DATE: WEDNESDAY, August 9, 1995                   TAG: 9508090048
SECTION: CURRENT                    PAGE: NRV-1   EDITION: NEW RIVER VALLEY 
SOURCE: BRIAN KELLEY STAFF WRITER
DATELINE: CHRISTIANSBURG                                LENGTH: Medium


SEWER FOR BELVIEW STUDIED

Montgomery County has taken a first, tentative step in an attempt to extend sewer service to a stretch of Peppers Ferry Road around Belview Elementary School, in part to serve a trailer park that wants to expand.

Simultaneously, the county will study the possibility of sewer service to upper Merrimac Road, on the other side of Price Mountain, to determine if such a project would receive a grant based on residents' income levels. For now, it looks as if the Belview project would be more likely to qualify for such a grant.

Lower Merrimac Road - from near U.S. 460 north to Slate Branch - already is scheduled to receive sewer service in a $1.2 million construction project that is to begin next month. Last month, the county learned it had been approved for another $475,000 grant to pay for higher-than-expected construction costs.

All three projects are part of the county's effort to provide sewer service to low-income rural areas, financed primarily through grants and low-interest loans from the federal government.

If either of the upper Merrimac or Belview projects gets a green light eventually - the county still has to choose which is the top priority - it would mean residents there would not have to rely on old septic systems or, in a few cases, on outhouses.

The county Public Service Authority on Monday ordered two steps: a preliminary engineering study for the Belview project; and a door-to-door income survey of homes in the upper Merrimac Road area between the Blacksburg town limits on Hightop Road north to Oilwell Road.

The engineering study would give a cost estimate for developing the sewer-line link to Peppers Ferry Road, for the stretch between Massie's Mobile Home Park and the intersection with Prices Fork Road. In the spring, the county postponed consideration of a 40-space expansion of 61-space Massie's trailer park until the sewage situation is resolved. Massie's uses an old lagoon system that no longer meets beefed-up environmental regulations. This spring, an engineer for the trailer park estimated it would cost $200,000 to hook the park up with an existing sewer line at Belview School, though county officials are looking at applying for a $700,000 grant to connect the larger area around Belview.

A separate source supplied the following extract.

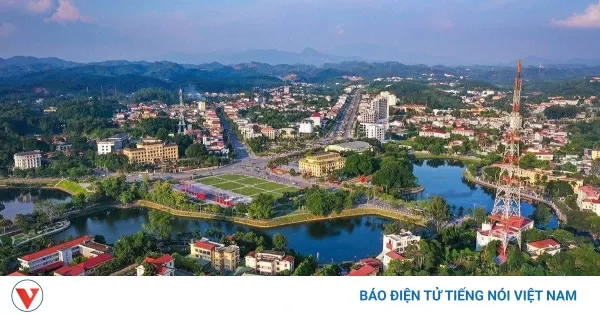Dự kiến tên gọi, trung tâm hành chính 51 xã, phường Yên Bái sau sắp xếp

The upper Merrimac Road income survey would show which area - Belview or upper Merrimac Road - has the greater percentage of low-income residents, and therefore would be more likely to qualify for a grant. A survey finished last month in Belview showed that 75 percent of the 134 families that would be served by a new line had low to moderate incomes. Past surveys have indicated approximately 60 percent of upper Merrimac residents had low to moderate incomes. The higher the percentage, the greater the chance for winning a community development block grant.